Dataset entries
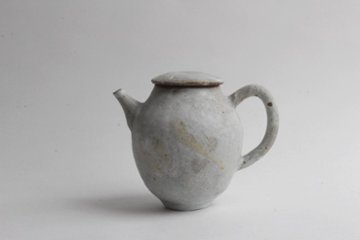 陶器あ⇔ん　急須（茶壺）の画像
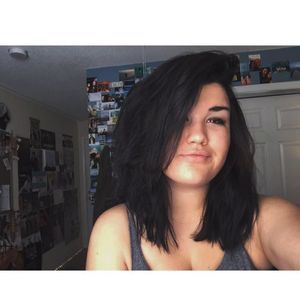 Meet your Posher, Mackenzie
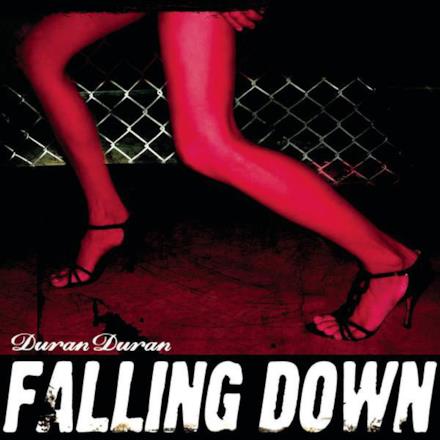 Falling Down (feat. Justin Timberlake) - EP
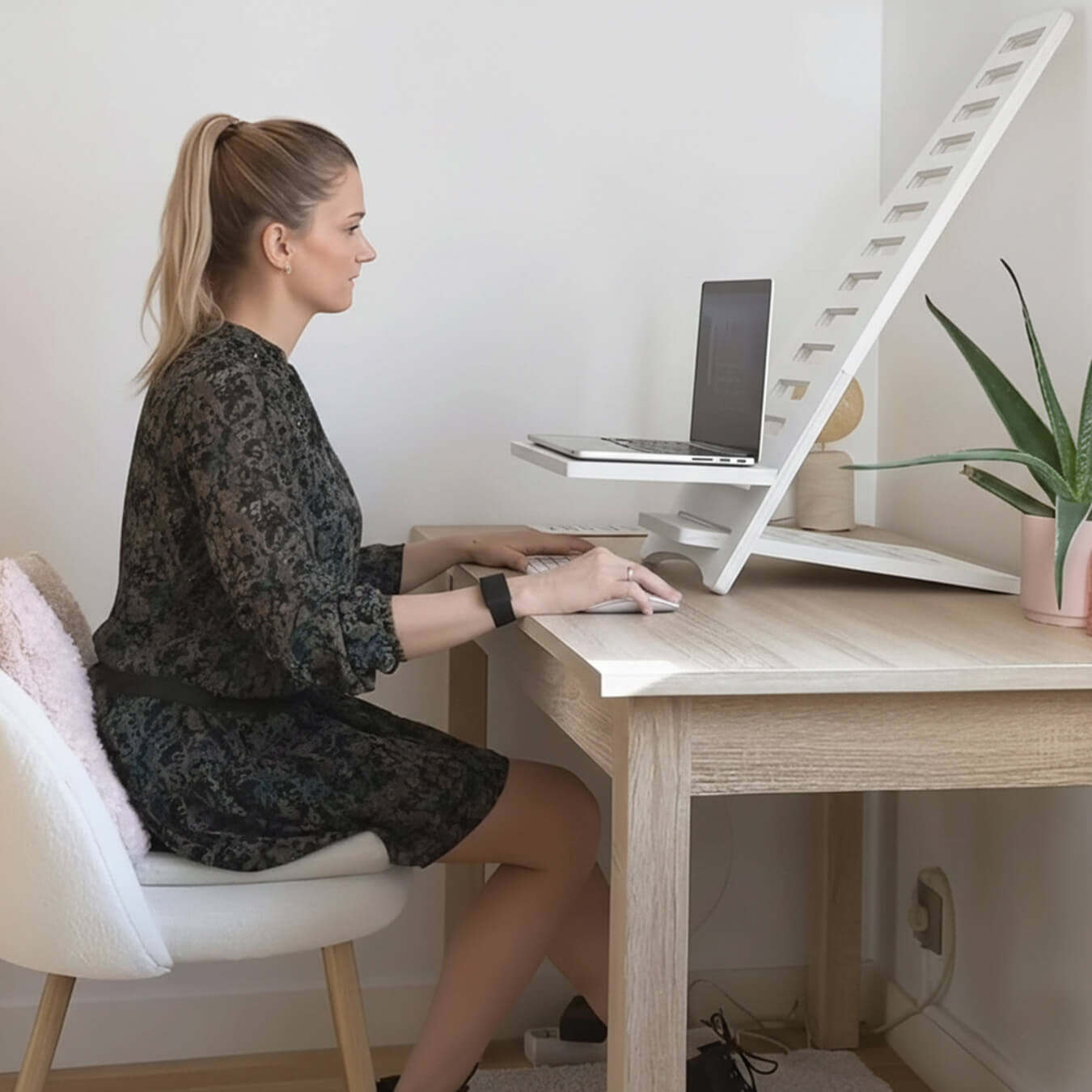 Bureau Ergonomique 2.0 – Image 7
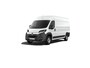 Opel Movano-e Standaard - Electric | Elektrisch verstelbare en verwarmbare buitenspiegels | Keyless Entry & Start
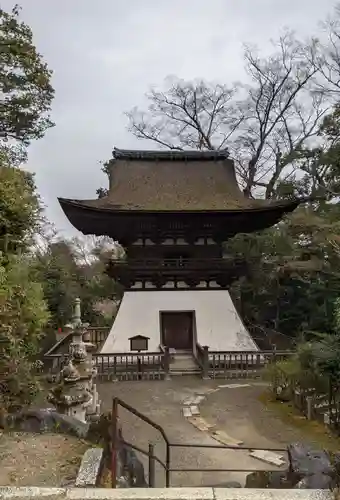 石山寺(滋賀県)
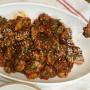 꼬막비빔밥 양념장 만들기 꼬막 세척법 삶는법 쉬운 12월 제철음식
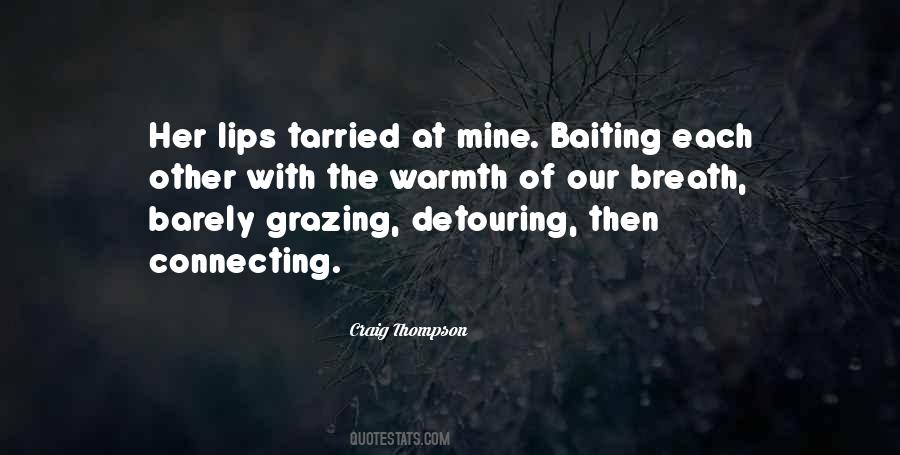 Baiting Quotes #177045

What you are asked to do
Make an exact copy of the lines above, starting at the line that contains "꼬막비빔밥 양념장 만들기 꼬막 세척법 삶는법 쉬운 12월 제철음식" and running through the final line of the entries. Omit the pictures.

Expected answer
 꼬막비빔밥 양념장 만들기 꼬막 세척법 삶는법 쉬운 12월 제철음식
 Baiting Quotes #177045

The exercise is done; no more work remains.